Although forms are input to the map with no information about their internal structure, the dataset was annotated manually, to allow us to correlate variation in the map response after training with variation in the (morphological) structure of training forms. First, for each form, we marked up two uniqueness points: UP1 and CUP. UP1 was marked at the position in the verb form where the stem is uniquely identified, both relative to paradigmatically-unrelated onset-aligned forms in the dataset, and with respect to other possible stem allomorphs within the same paradigm. For example, the stem drunk is distinguished from the unrelated doubt at “r” in second position, but it is distinguished from drink or drank only when “u” is reached in third position⁸. The marking of CUP followed Balling and Baayen in marking the point at which the whole verb form is distinguished from other forms of the same paradigm.

In addition, we based morphological segmentation on a uniform (PREFIX) + STEM + (SUFFIX) template, where the notion of verb stem has the Aronovian, morphomic status of an unpredictable allomorph of the base stem, conveying systematic, but possibly non homogeneous clusters of morpho-lexical features (Aronoff, 1994). Accordingly, formally predictable stems derived from their base stem through a systematic process of stem formation (e.g., English past(walk) → walked) are segmented into a base and a suffix (walk-ed). Inflected forms containing unpredictable stems (e.g., English past_part(drink) → drunk, German past_1S(geben) → gab, German pres_2S(geben) → gibst) are segmented into a stem and a suffix (whenever overtly realized) (e.g., drunk-, gab-, gib-st).

Paradigms that undergo unpredictable stem formation processes are classified as irregular.
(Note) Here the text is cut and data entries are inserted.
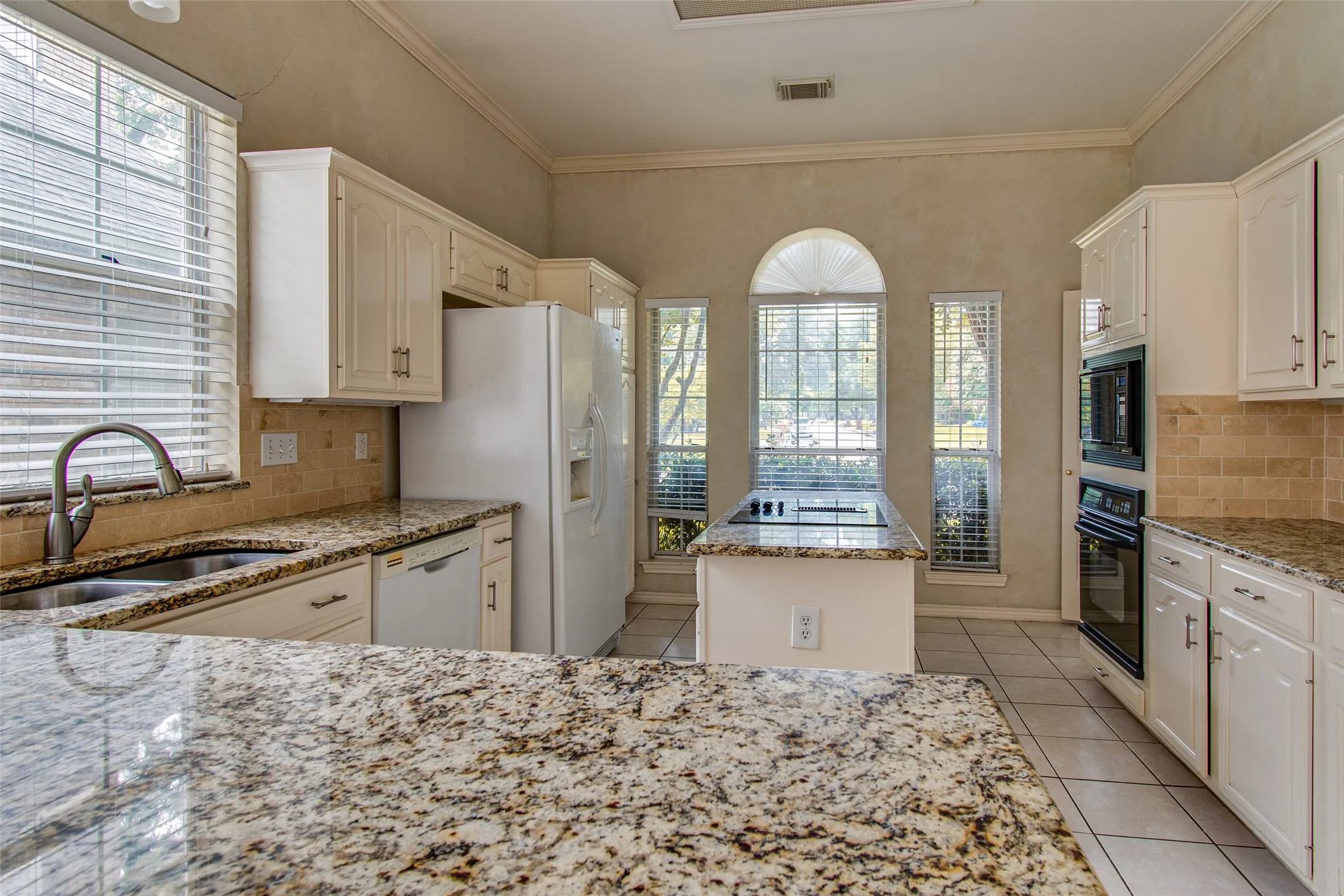 Single Family Residence For Rent in Collin County , 18532 Bay Pines Lane, Dallas, Texas 75287, 4 Bedroom, 3 Bathroom, 2 Garage spaces, 2,658 Sqft, built in 1988, mls#21378645, Real Estate Agent in Dallas, Homes For Rent in Collin county, Homes For Rent in Dallas, Realtor in Dallas Texas, Real Estate Brokerage Independent Realty Texas, Luminita Cordes Realtor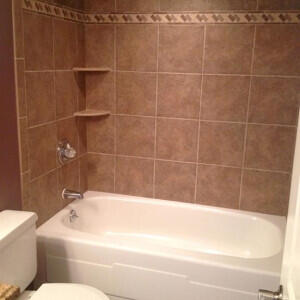 555 South Old Woodward Avenue, Unit 1507 Birmingham, MI 48009 - Photo 11 of 16 BATHROOM CERAMIC TUB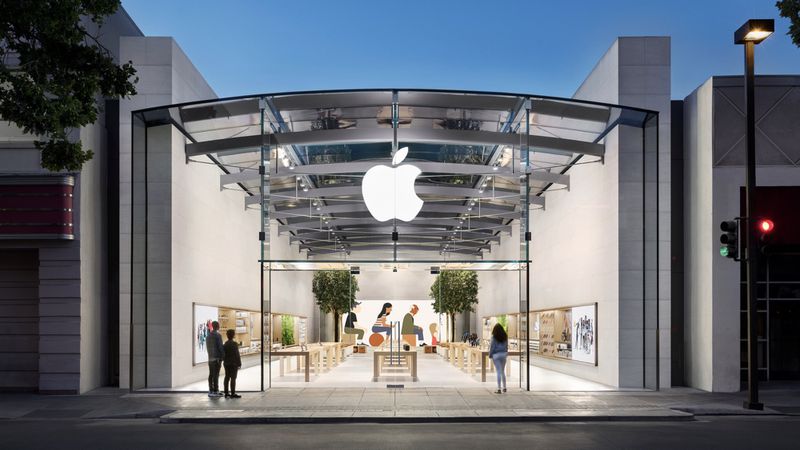 اپل دیگر هیچ کارمندی را برای شغل Genius خرده‌فروشی‌های خود استخدام نخواهد کرد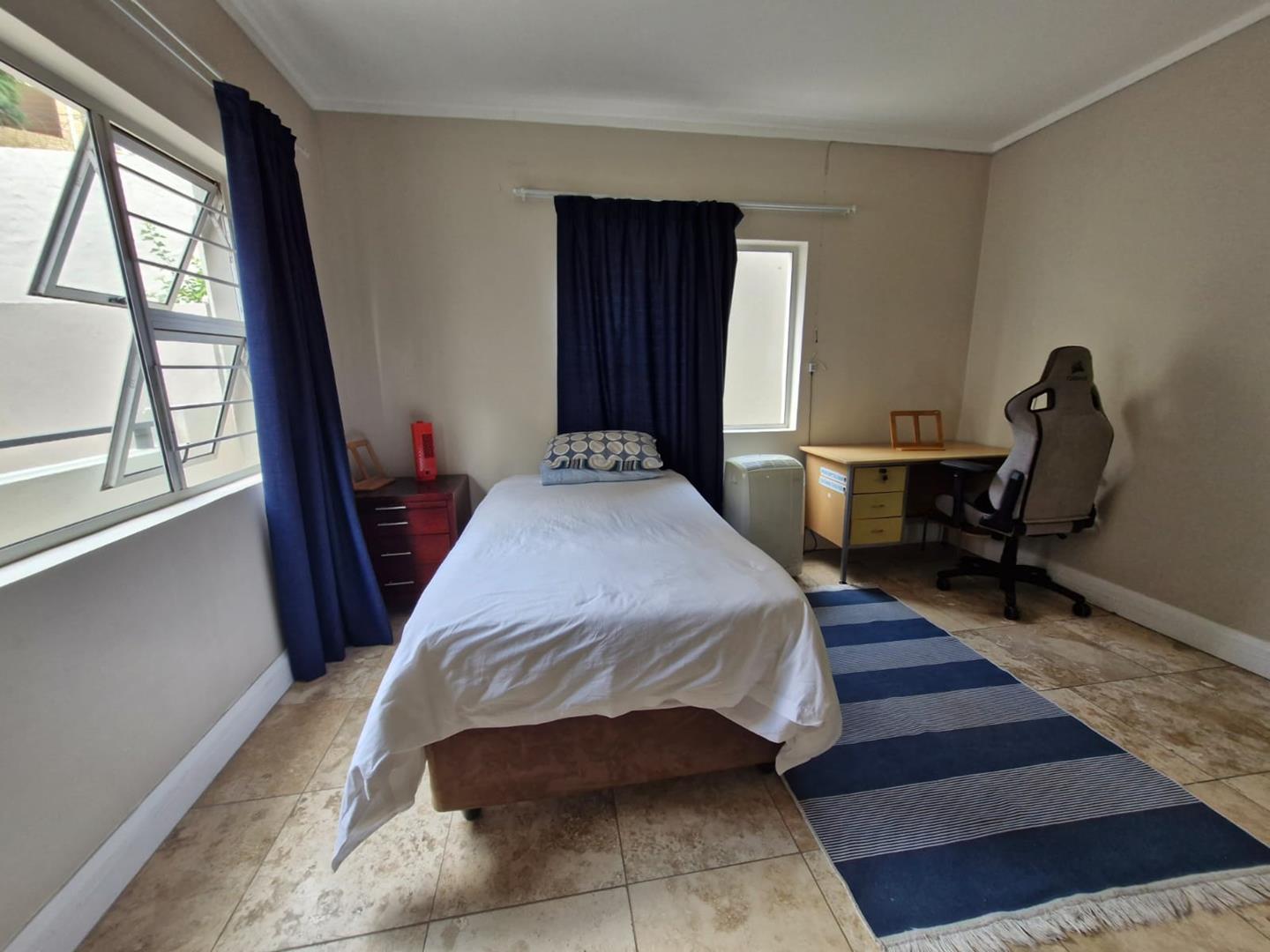 2 Bedroom Property for Sale in Hurlingham Manor Gauteng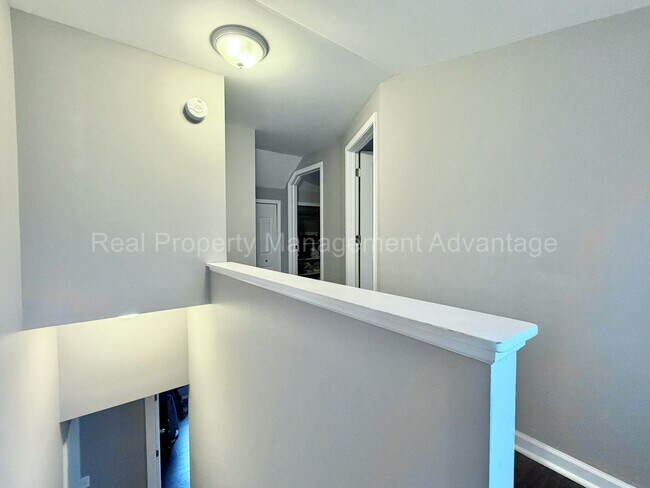 Building Photo - 3 Bed/2.5 Bath - Cape Cod Charm with Modern Comforts Throughout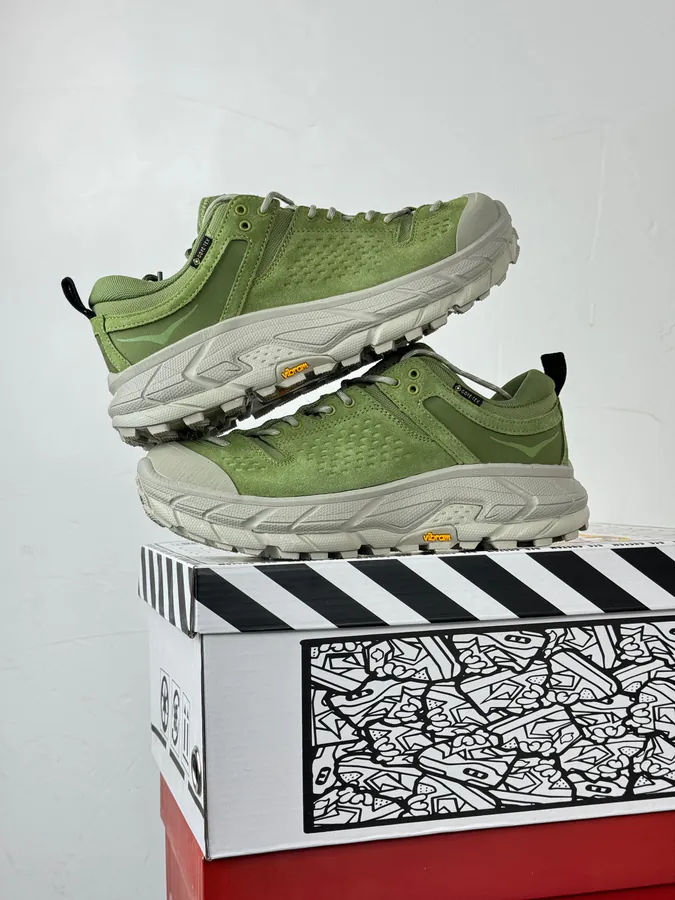HOKA ONE ONE Tor Summit TP Retro Outdoor Functional Sneaker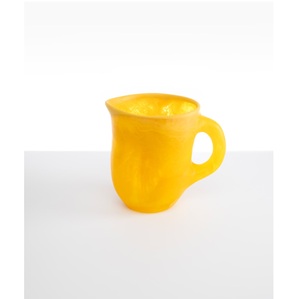 Carafe décorative en résine faite à la main pour une décoration intérieure haut de gamme, un style de cuisine contemporain et une présentation sur table. - Product Image 1
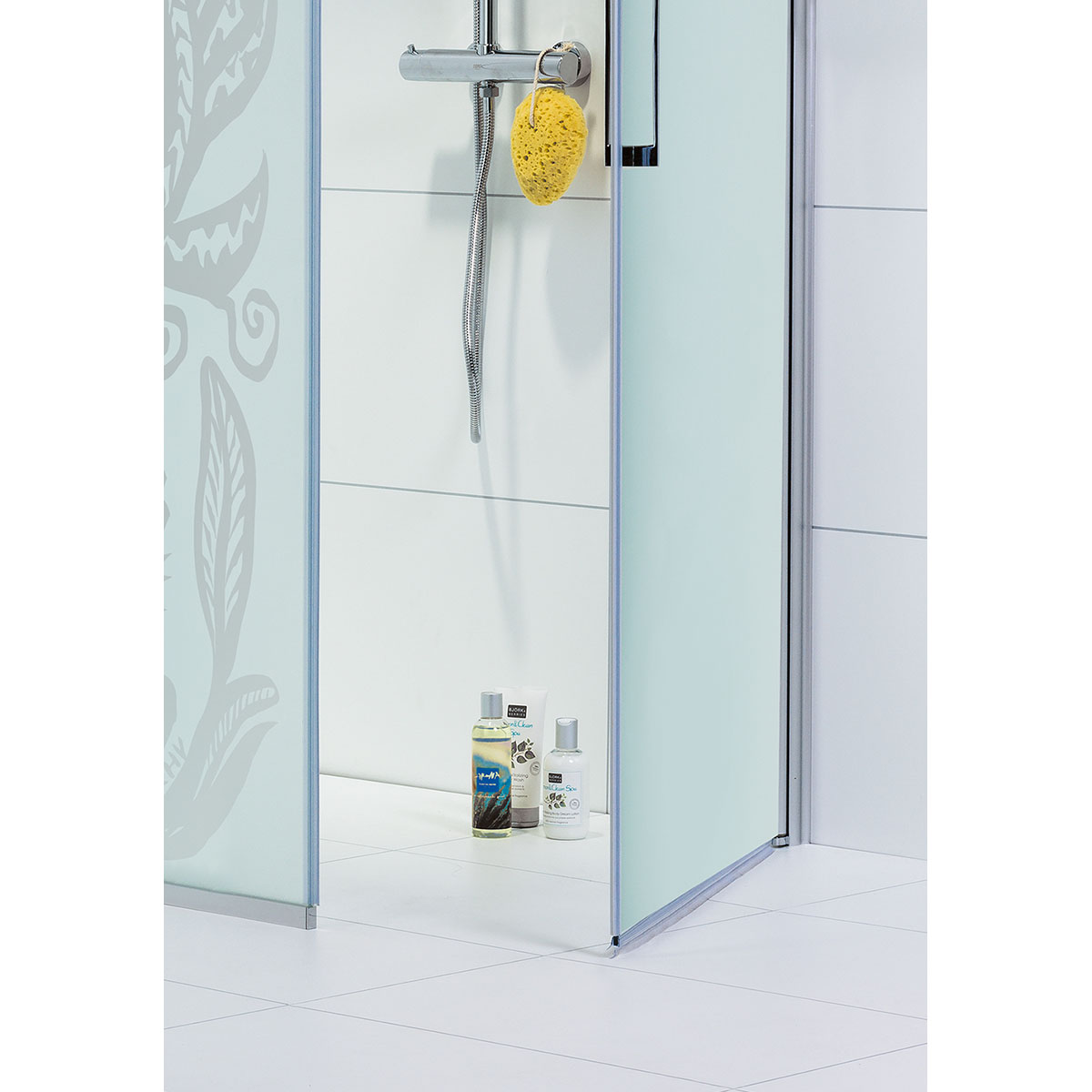 Duschhörna FROST CONCEPT VÄGG 900 HAPPY DÖRR 700 FROST 925x685x2022 mm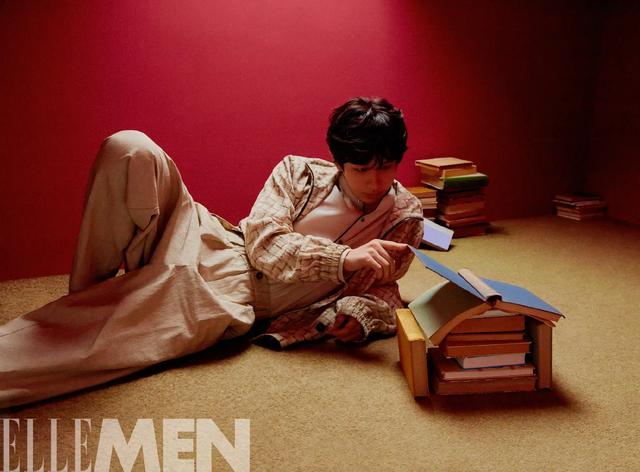 1.10娱乐瓜:肖战 王一博 檀健次 成毅 任嘉伦 陈都灵 刘学义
Paradigms whose stems are formed transparently and systematically⁹ are annotated as regular. In Standard Modern Arabic, where verbs appear to cluster into different inflectional classes depending on the vocalic patterns intercalated with the roots, irregular (or weak) verb paradigms have stems that undergo a reduction in the number of root consonants (traditionally referred to as first, second, third weak and doubled roots, depending on the position and number of the radical consonants being dropped) (Marzi et al., 2017). Our segmentation template thus cuts across the traditional regular vs. irregular classification, yielding ya-ktub-u “he writes” and katab-a “he wrote” (as an example of a regular paradigm), together with ya-qūl-u “he says” and qāl-a “he said” (as an example of an irregular paradigm). Finally, for those languages (like Modern Greek and Italian) where regular paradigms exhibit unpredictable stem vowel selection (Ralli, 2005, 2006), stem identity/regularity was based on the form obtained by dropping the thematic vowel from the stem (Pirrelli, 2000; Pirrelli and Battista, 2000; Bompolas et al., 2017).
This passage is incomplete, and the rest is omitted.